Wednesday, May 27, 2009

Ashley Montagu on the Child in Human Nature

In my early twenties, I yielded to my desire to keep making connections with the world. I say yielded because I kept meeting people my age who were convinced they already had all the answers they would need in life. But I never lost my interest in learning things. No doubt, the people I met did not count figuring out new gadgets or learning new ways to make money that were so obviously part of keeping up with their crowd. In general, they were convinced they had what they needed. By 21 or 22, they understood enough of life, the world and human nature. Maybe so (...or maybe not, but that's a long tedious story that is still being played out).
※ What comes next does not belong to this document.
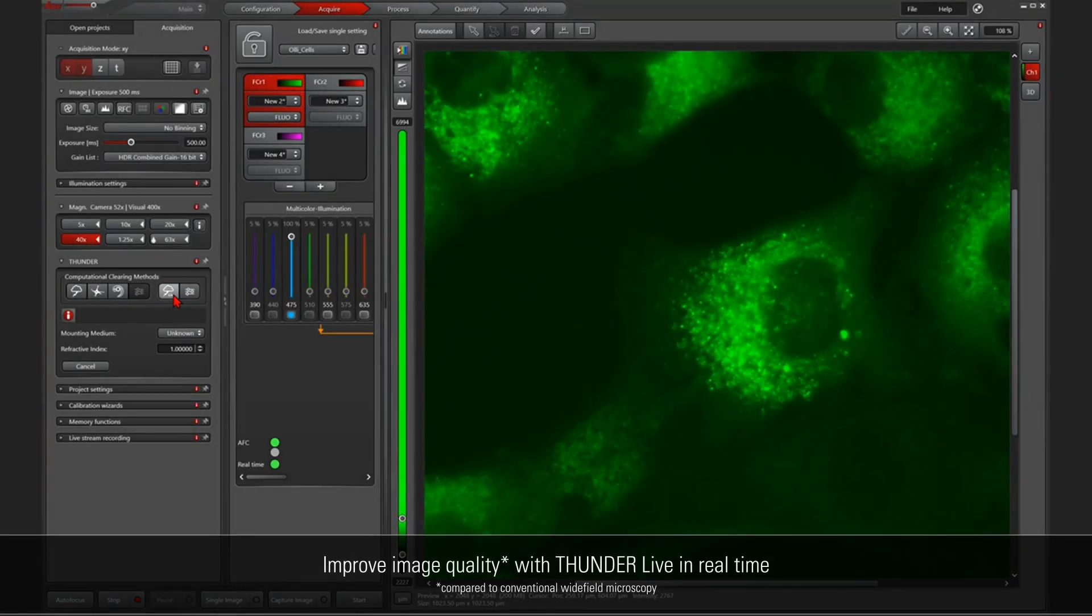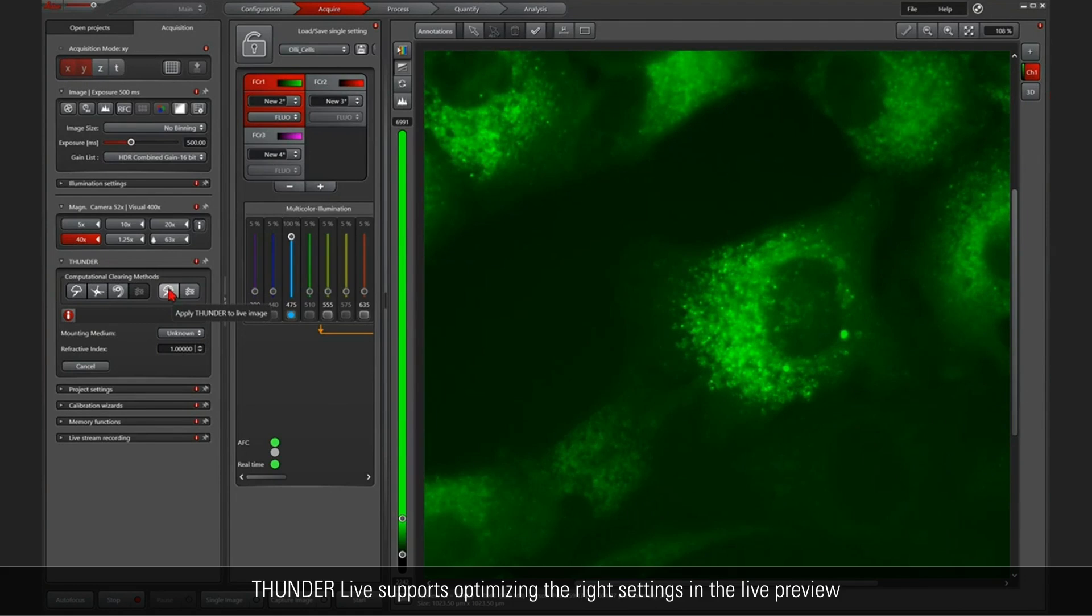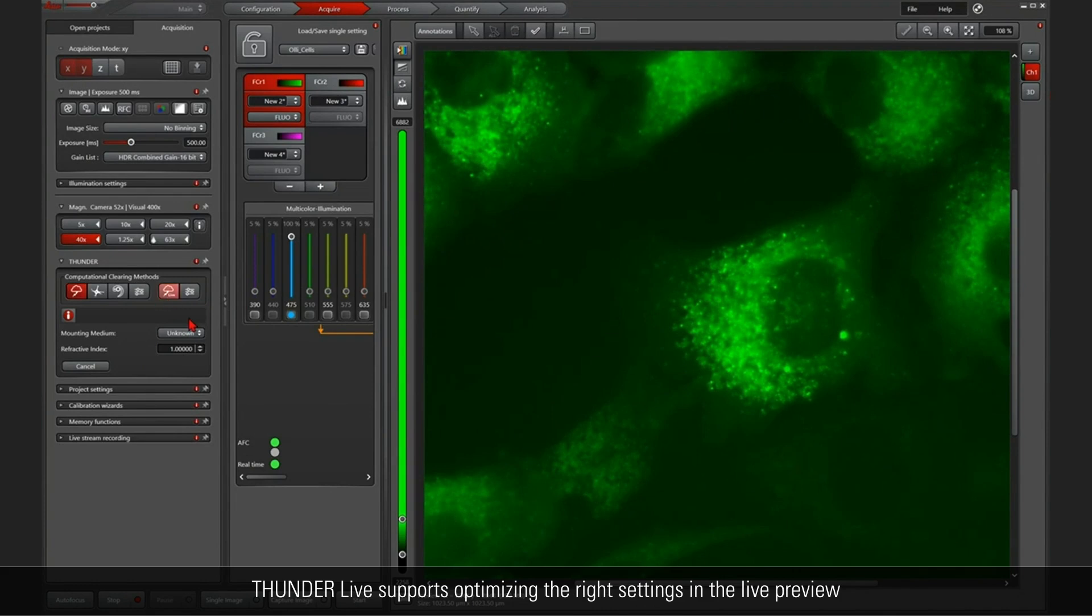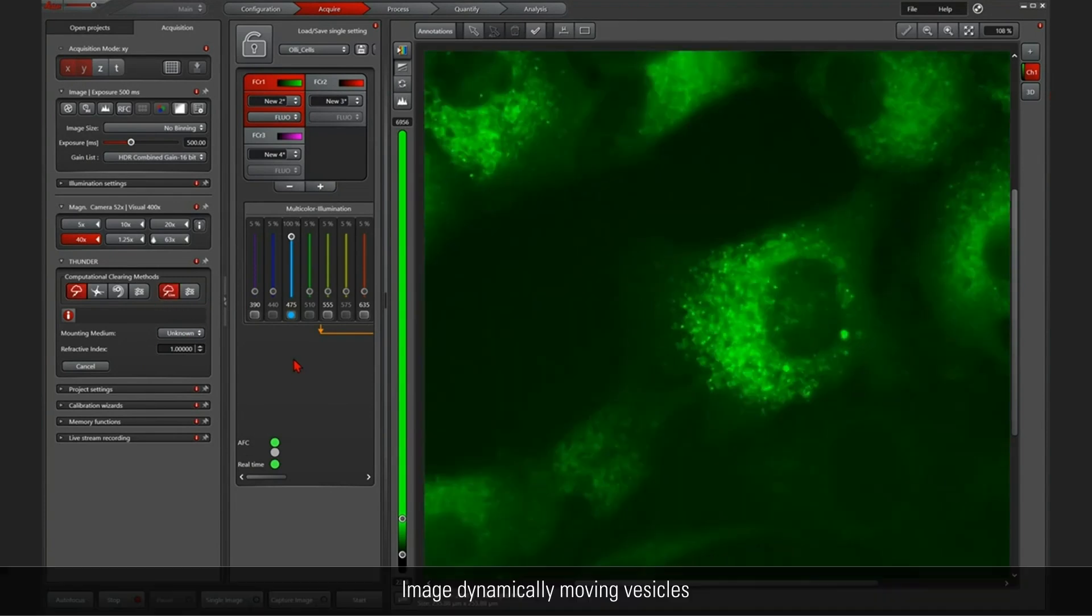Let's have a look at how Thunder Live will improve our image quality here and help us find the right setting to be able to image these little vesicles moving around.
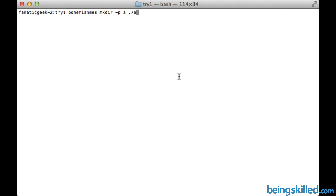So just type ./slash which is relative path, and then type B. So what will happen is B will be created inside A.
Anthropologist Ashley Montagu explains what happened in my case: I yielded to the best parts of me that were still a child. In his 1981 book, Growing Young, he talks about the useful traits of childhood, the traits that too often disappear in our adult years. He writes:
We have only to watch children to see [those traits] clearly displayed: Curiosity is one of the most important; imaginativeness; playfulness; open-mindedness; willingness to experiment; flexibility; humor; energy; receptiveness to new ideas; honesty; eagerness to learn; and perhaps the most pervasive and the most valuable of all, the need to love. All normal children, unless they have been corrupted by their elders, show these qualities every day of their childhood years. They ask questions endlessly... They watch and they listen. They want to know everything about everything [pg. 2-3].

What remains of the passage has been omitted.